Très fortuné mais pas mégalomane, Edouard Michelin n’est pas un patron aux velléités trop expansionnistes ou aux projets fantaisistes. Non, ce quadragénaire est un homme plutôt discret et même spirituel, selon son entourage. Né en 1963, il est le descendant de la famille Michelin et porte d’ailleurs le même prénom que son grand-père, le fondateur de la firme, depuis toujours basée à Clermont-Ferrand.
Son père, François, a dessiné son profil et l’a forgé pour en faire un homme-chef qui lui succèderait aux destinées de l’entreprise. Ce sera chose faite le 11 juin 1999. A ce moment-là, Edouard a déjà une certaine expérience du management de son entreprise, où il a fait son apparition à seize ans, à l’occasion de son premier stage. A cet âge, il est très passionné par les voitures. Vers la fin de ses études, il envisage même de travailler pour un constructeur automobile. Mais la volonté de poursuivre l’oeuvre de ses aïeuls va l’emporter. En effet, il n’a que vingt et un ans lorsqu’il part en formation aux Etats-Unis, au Centre de Recherche de Michelin, à Greenville, en Caroline du Sud. A son retour, il rejoint officiellement l’entreprise (1985) où on le surnomme déjà «l’Américain». En 1989, il finit ses études d’ingénieur à l’Ecole Centrale, puis occupe une série de fonctions : chef d’équipe, puis chef de fabrication dans l’une des usines de Michelin (en Saône-et-Loire) et même directeur commercial de l’entreprise.
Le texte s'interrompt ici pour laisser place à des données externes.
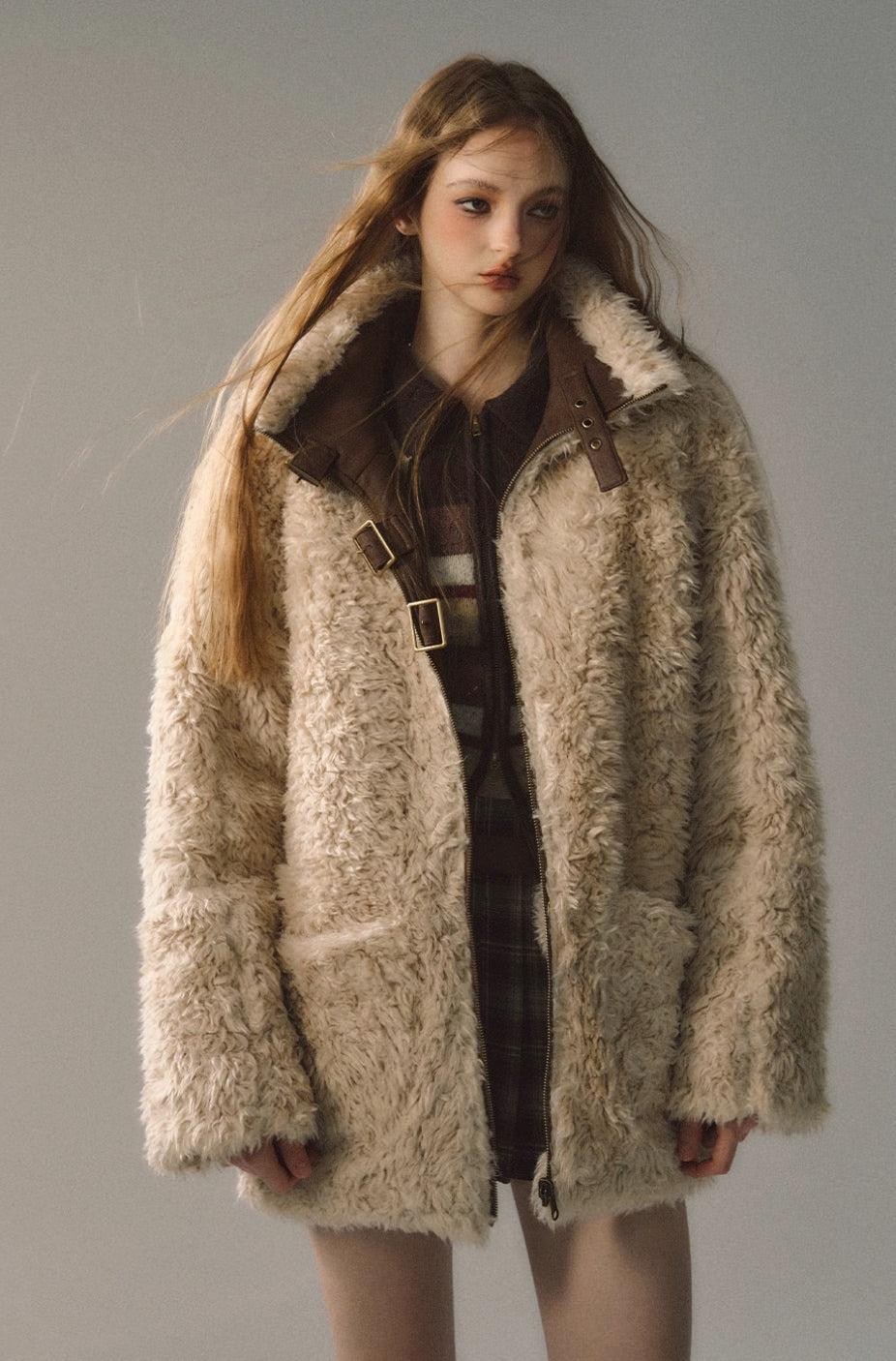 Revisable coat thickened imitation fur plush coat warm suede coat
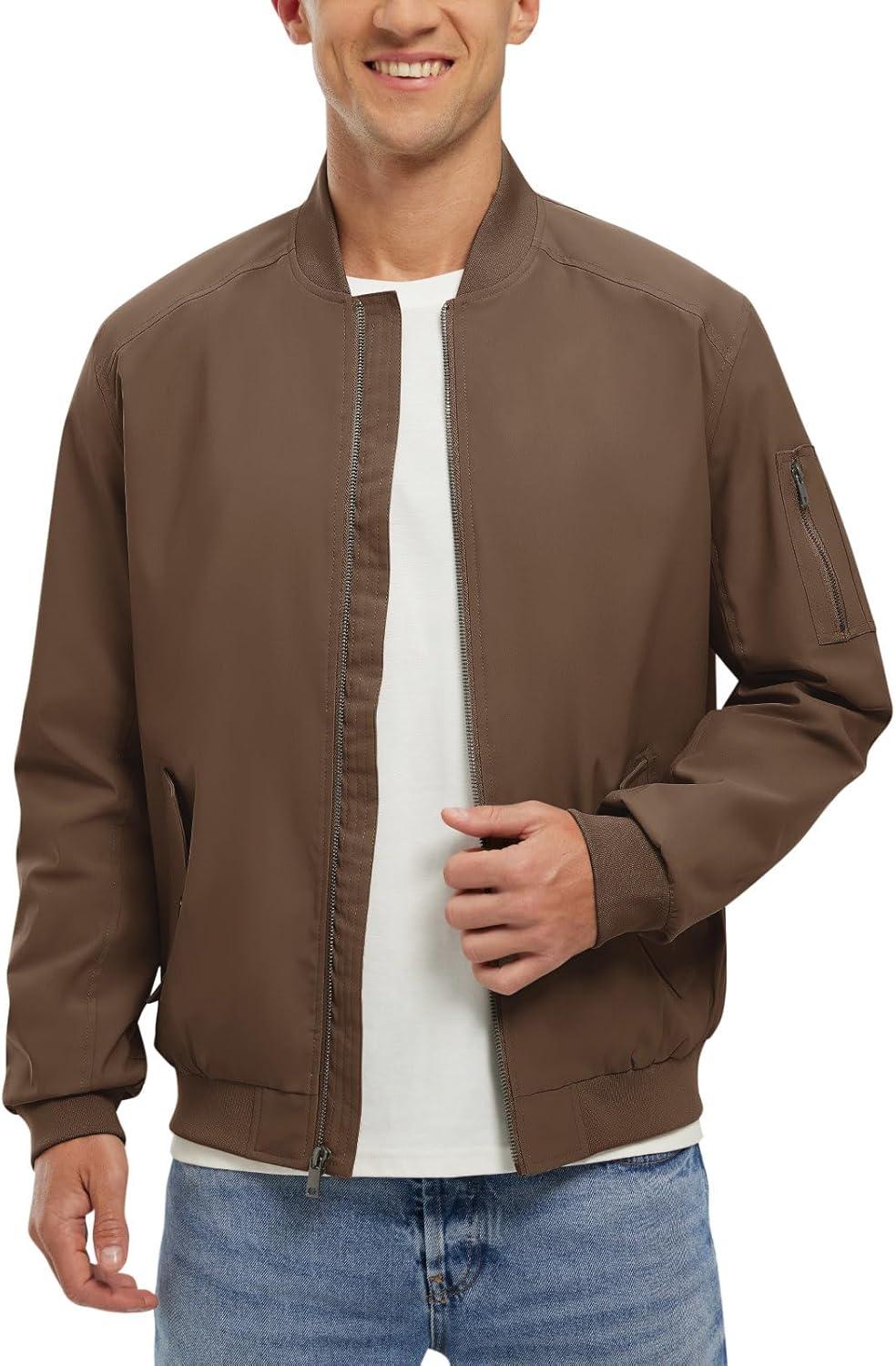 imageTBMPOY Mens Lightweight Bomber Jackets Light Track Jackets Casual Summer Windbreaker Outdoor Golf Fashion Coat for MenA2dark Coffee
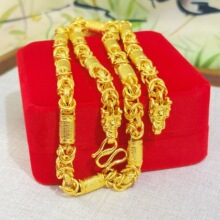 沙金饰品麻花心经管龙头项链男士霸气仿真黄金颈链小众高级感配饰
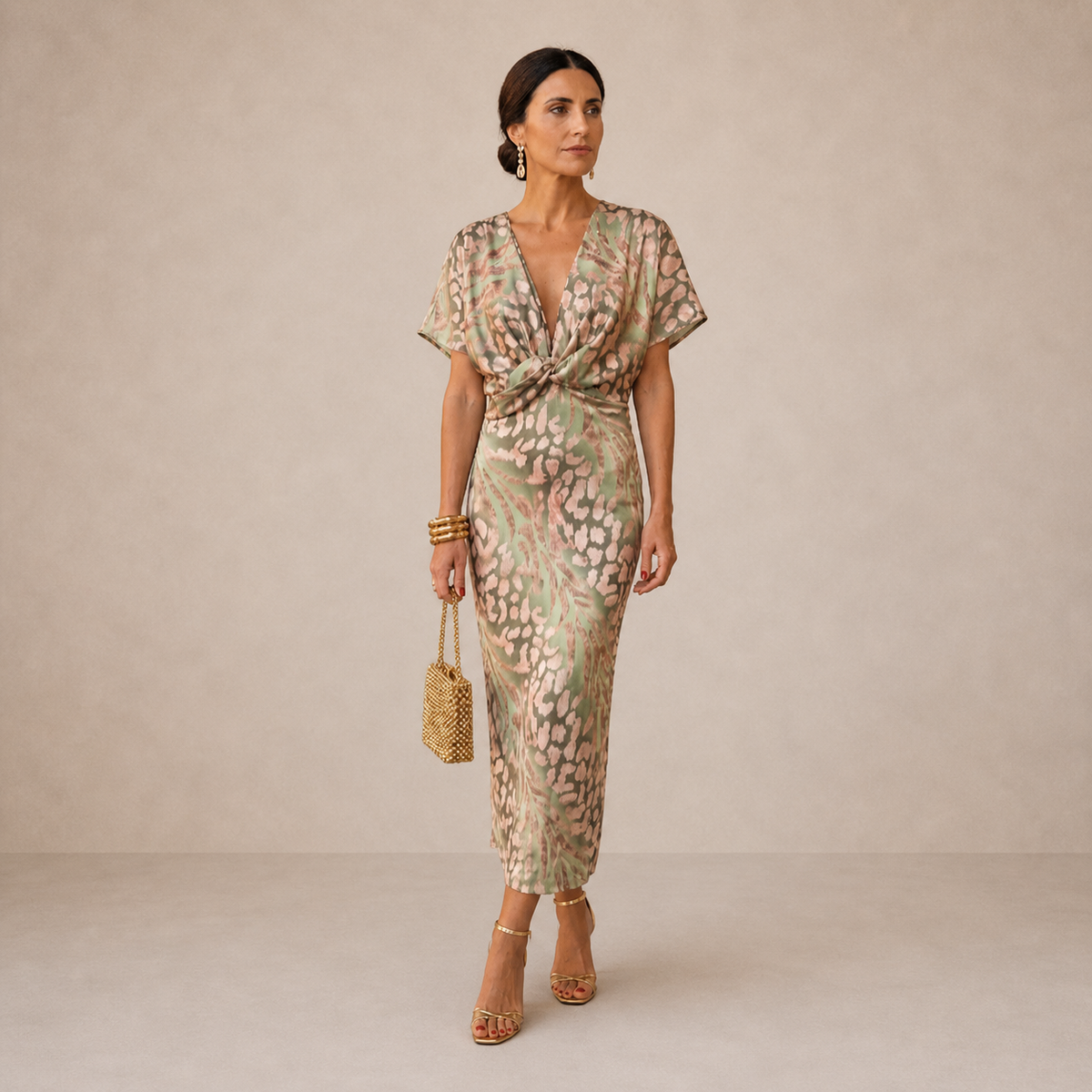 Aveline™ | Ruffle Sleeve Midi Dress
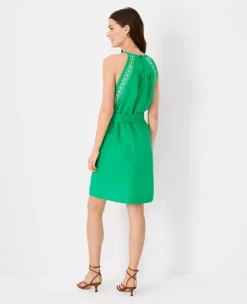 Embroidered Belted Linen Blend Halter Dress 6 Embroidered Belted Linen Blend Halter Dress -Anntaylor Shop 609663 3591 ALT1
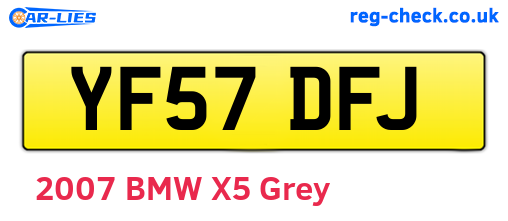 YF57DFJ are the vehicle registration plates.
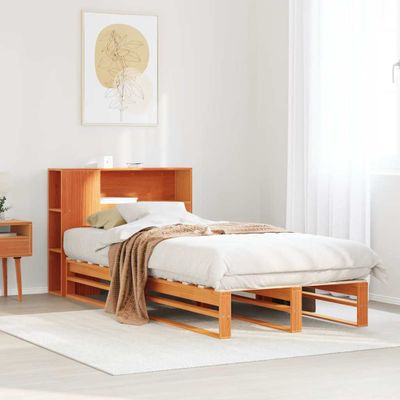 vidaXL Posteľ s knižnicou bez matraca vosková 75x190 cm masívne drevo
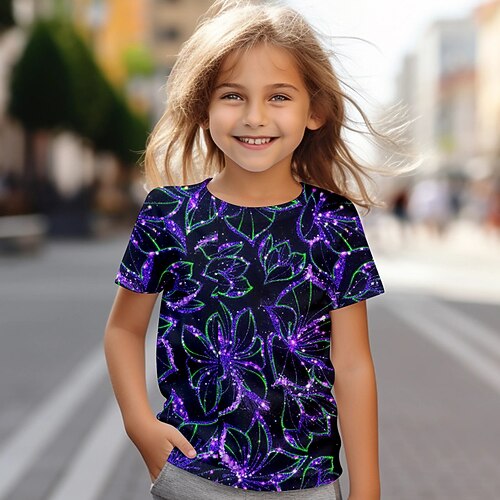 Carnival Mädchen 3D Blumen T-Shirt Rosa Kurzarm 3D Druck Sommer Aktiv Mode Niedlich Polyester Kinder 4-12 Jahre Rundhals Outdoor Casual Alltag Normale Passform Image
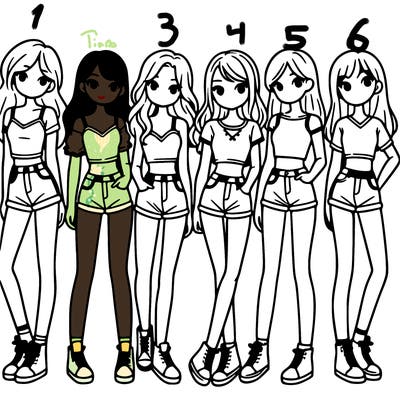 a group of girls wearing crop tops and shorts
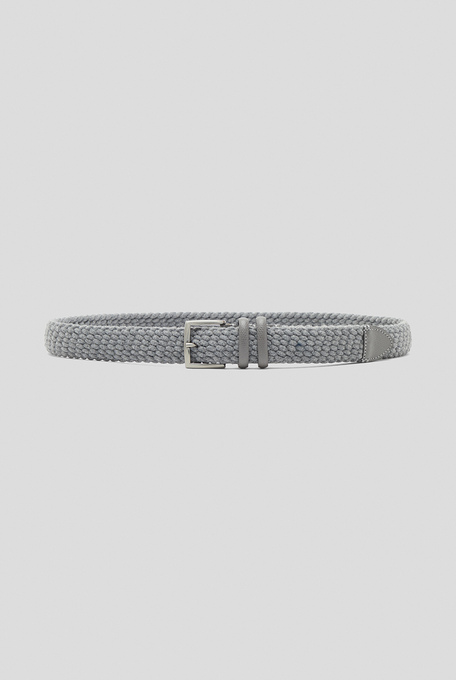 Elasticated braided belt in light grey - belts | Pal Zileri shop online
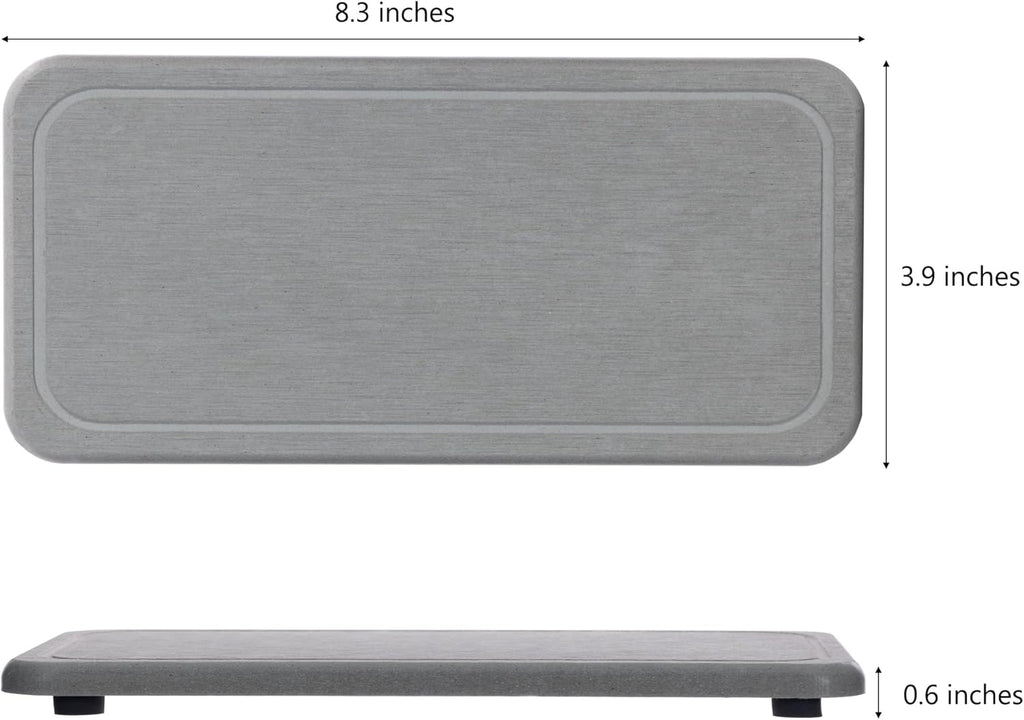 2 Pcs Water Absorbing Stone Trays, Kitchen/Bathroom Sink Soap Dish, Diatomite Tray Used for Hand Soap & Cosmetic Bottles in The Modern Home, 4" W x 8.3" L, Gray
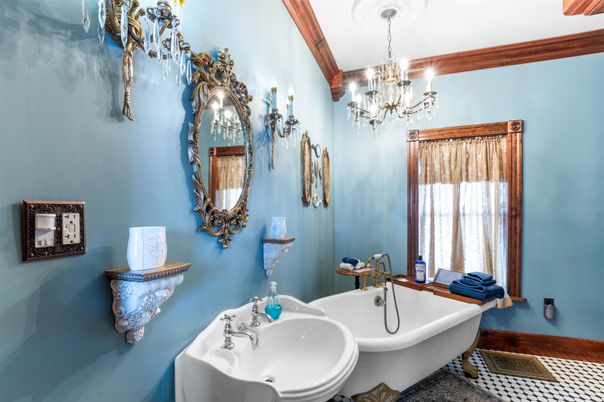 Bathroom, Chandelier, Free Standing Baths, Interior, Wooden Beams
Mais cela ne durera pas longtemps, puisqu’en 1991, Edouard reprend le large pour les USA. Selon lui, «il y a, culturellement, en Amérique du Nord, une capacité à évoluer plus vite qu’en Europe».
Là-bas, il est nommé «President and Chief Operating Officer» pour Michelin North America. Entre-temps, La firme de Clermont-Ferrand a racheté Uniroyal-Goodrich et est devenue leader mondial du pneu. Edouard prend la direction industrielle de l’ensemble des usines nord-américaines, ainsi que la responsabilité du commerce et de la distribution des pneumatiques poids lourd. Des fonctions qu’il exerce sous la houlette d’un certain Carlos Gohsn, qui supervise alors l’ensemble du secteur nord-américain pour Michelin.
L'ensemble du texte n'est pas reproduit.